## Provided data
▼
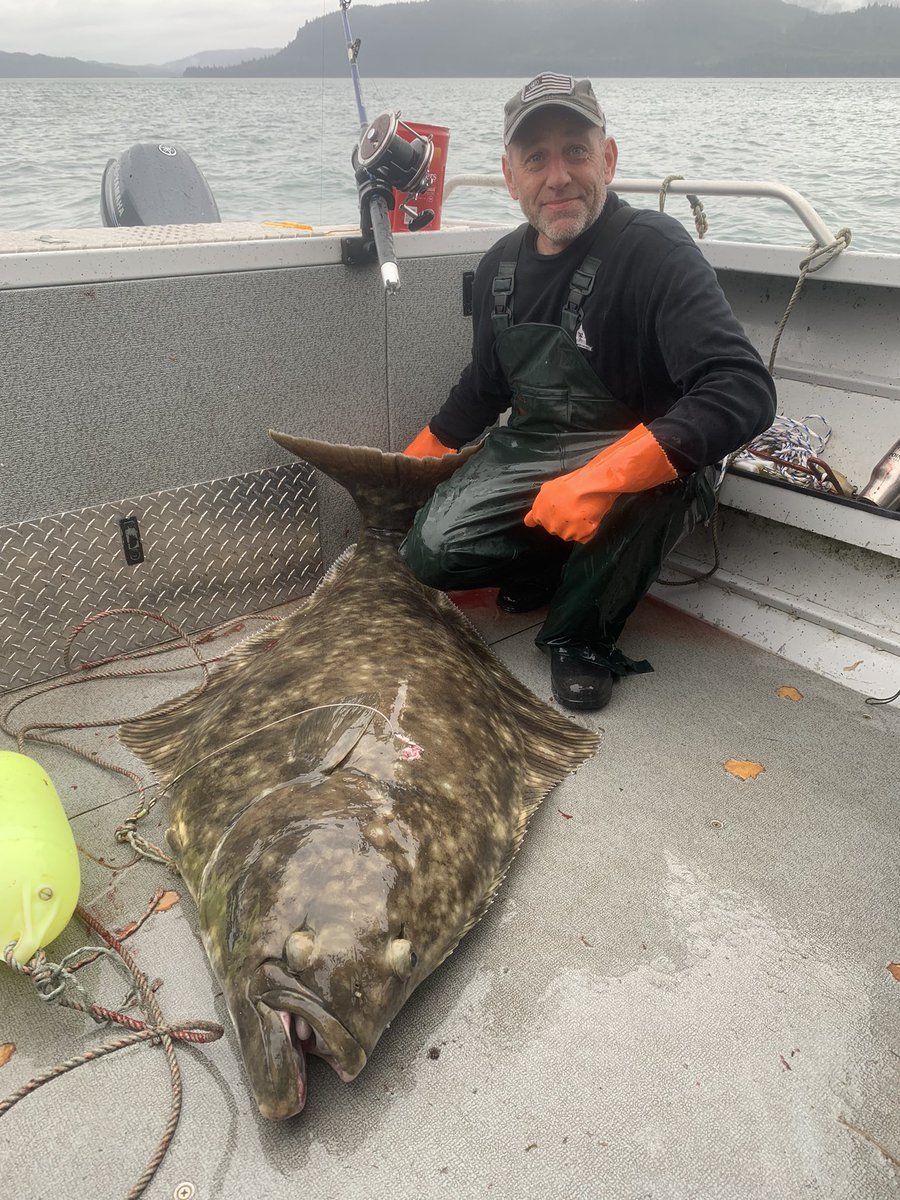 ChrisEgan5's tweet photo. Wearing my @KING5Sports @KING5Seattle @Seahawks gear with the Egan Family catch of the day! 150 halibut !! Captain Brian was amazing!!! https://t.co/e2X3NmHmVD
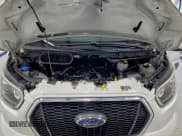 ✅ 2023 Ford Transit Passenger XLT • VIN: 1FBAX2YGXPKA58486 • Lot: 94293235. Listed on Copart with 51,472 mi. Free auction sales archive from the USA and detailed vehicle history report at DreamBid. Image 12.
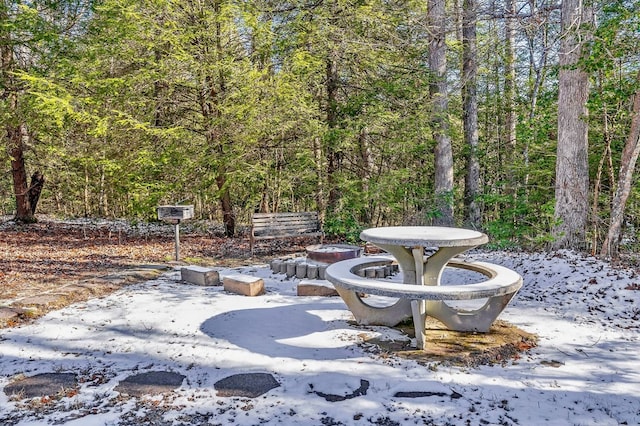 snow covered patio with a forest view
▲
## Problem to solve
Skip the pictures, please, and transcribe only the lines from the beginning of the material through the one that contains "DreamBid. Image 12.".

## Solution for this problem
 ChrisEgan5's tweet photo. Wearing my @KING5Sports @KING5Seattle @Seahawks gear with the Egan Family catch of the day! 150 halibut !! Captain Brian was amazing!!! https://t.co/e2X3NmHmVD
 ✅ 2023 Ford Transit Passenger XLT • VIN: 1FBAX2YGXPKA58486 • Lot: 94293235. Listed on Copart with 51,472 mi. Free auction sales archive from the USA and detailed vehicle history report at DreamBid. Image 12.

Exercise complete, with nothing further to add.